Data to use:

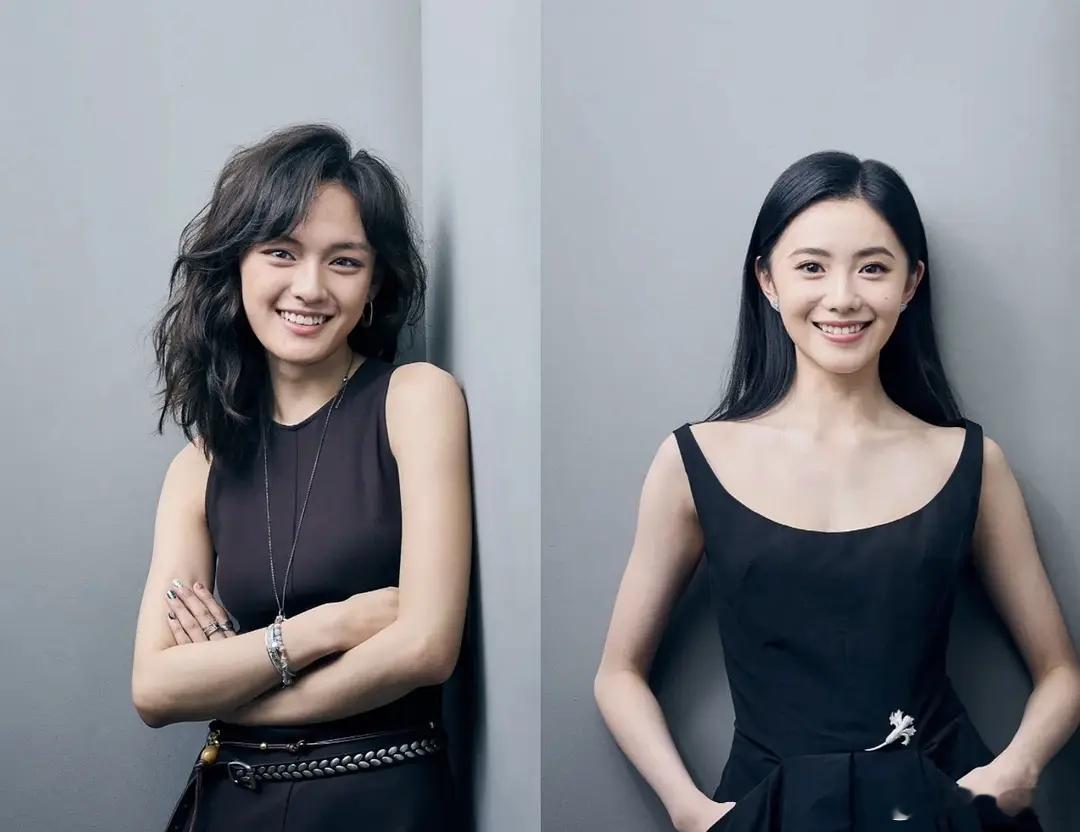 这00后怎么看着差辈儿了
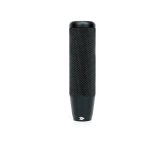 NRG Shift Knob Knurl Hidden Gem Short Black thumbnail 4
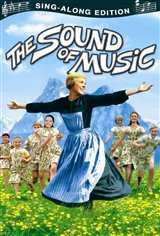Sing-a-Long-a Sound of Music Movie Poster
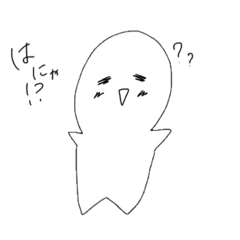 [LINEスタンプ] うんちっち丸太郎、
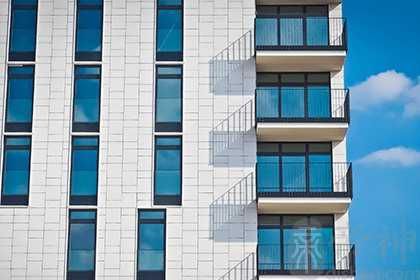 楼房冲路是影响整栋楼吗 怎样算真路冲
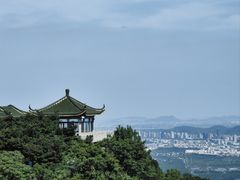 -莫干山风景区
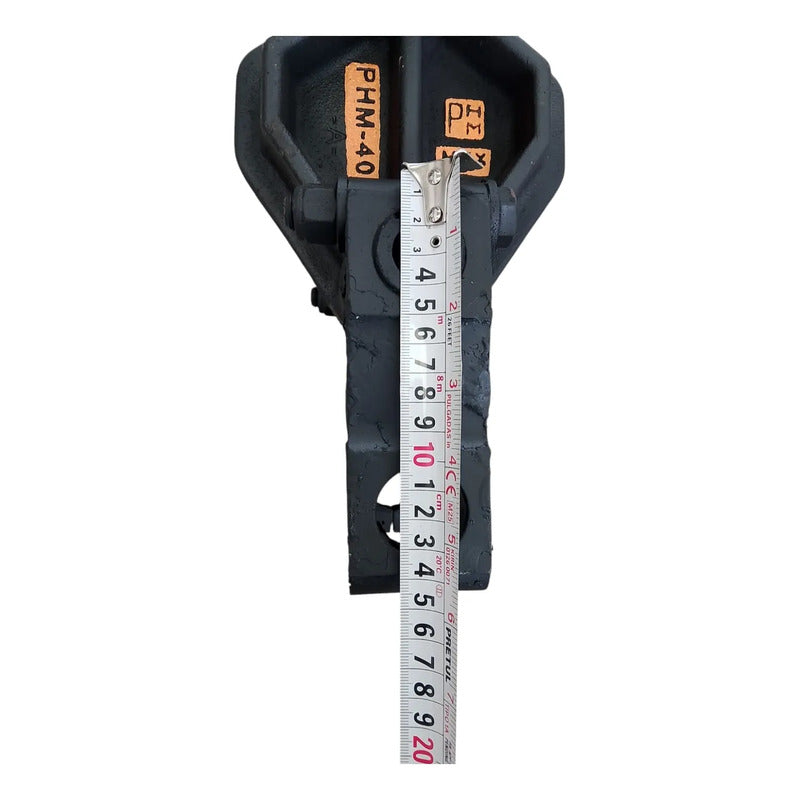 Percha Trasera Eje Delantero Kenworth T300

Task directions: A faithful, complete copy of the entries is required, without the pictures.

Solution to the exercise:
 这00后怎么看着差辈儿了
 NRG Shift Knob Knurl Hidden Gem Short Black thumbnail 4
Sing-a-Long-a Sound of Music Movie Poster
 [LINEスタンプ] うんちっち丸太郎、
 楼房冲路是影响整栋楼吗 怎样算真路冲
 -莫干山风景区
 Percha Trasera Eje Delantero Kenworth T300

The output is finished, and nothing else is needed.